Five Important New Trends in Robotics

Five emerging trends in robotics point to the shape of things to come across all of automation. These emerging trends deserve the attention of roboticists everywhere. As identified by respected industry commentator, Frank Tobe of, these are (1) China's appetite to acquire and build an in-country robotics industry, (2) Collaborative robotics, which are beginning to impact the overall industry, (3) Robotics-as-a-Service (RaaS), now emerging in multiple verticals, (4) The impact of new robotic tech in logistics and materials handling, and (5) continued interest in investing in robotics.
Frank notes that over the last half century, industrial robots have "picked the low-hanging fruit of manufacturing by handling the dull, dirty and dangerous tasks. But today, as consumers want more personalied products, and want them faster, and as costs have dropped and executives have pushed for greater productivity through automation, mobile and vision-enabled robots are emerging and being deployed in many new application areas, particularly for SMEs [small and medium size enterprizes] and in logistics." Vision enabled enabled are also rapidly growing in use by government agencies and by agriculture, surveying, construction and healthcare markets. 
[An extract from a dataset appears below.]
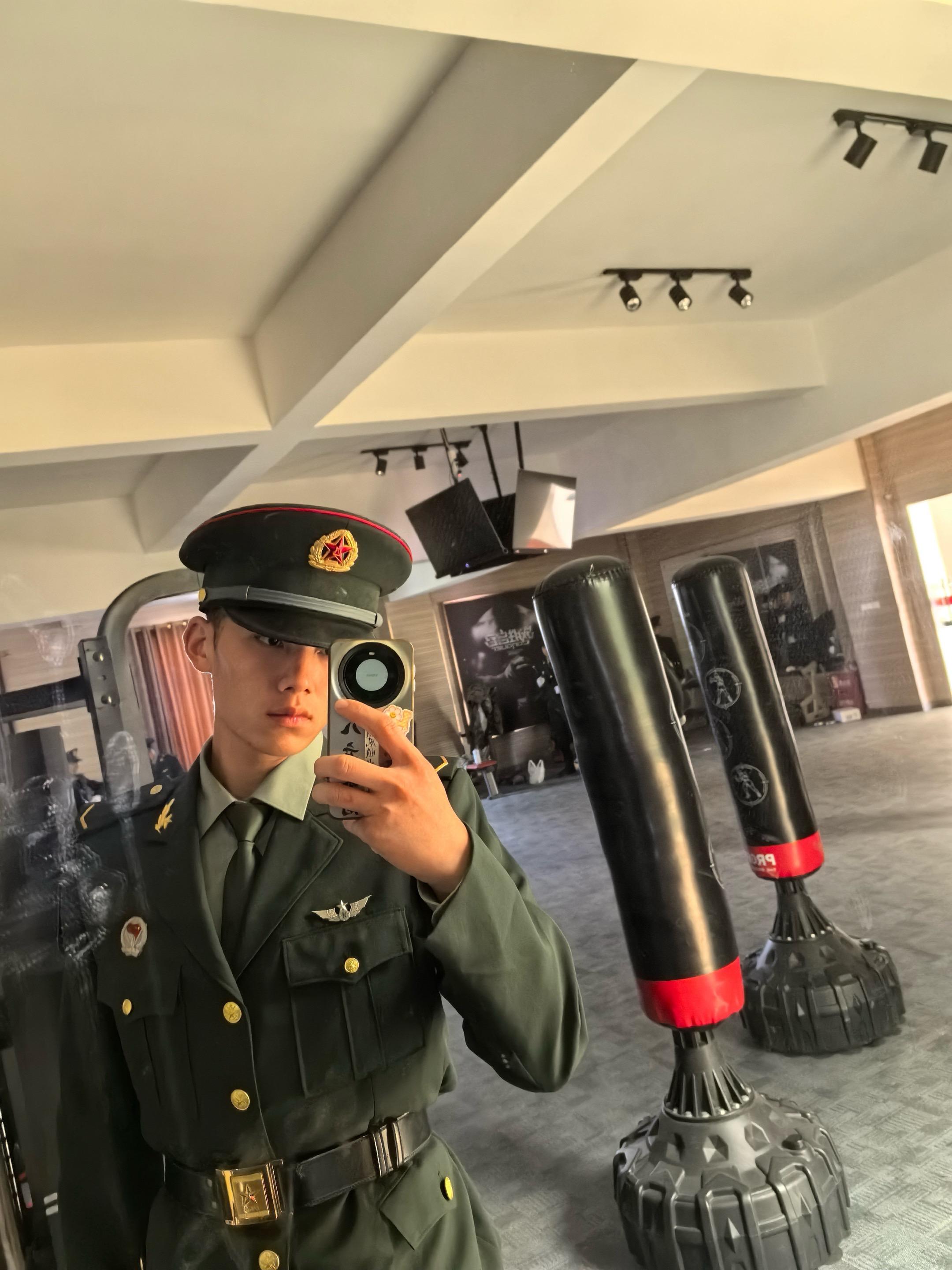 音乐一响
Analysis of 752 startup companies indexed in TheRototReport's global database of robotics shows that 25% of these were focused on industrial robotics.  Significantly, 75% addressed new areas including unmanned aerial, land, maritime and underwater applications involving filming, surveillance, reconaissance and delivery systems for the military, science and oil and gas industries (25%), agricultural robots (6%), mobile robot platforms (7%), personal service robots (3%), and professional service robots (7%). This analysis is not to be missed, as Tobe's report also parses out other important markets including consumer robots used in the home (9%) and education and hobby segments (5%).  He continues, "Support businessses such as AI and software, engineering and design, component manufacturing, 3D printing, vision systems and integrators make up the remainder. More than half of the startups are predominantly software based and indicative of the new metric that the hardware component represents less than 1/3 the overall cost of the product." Read the full report here.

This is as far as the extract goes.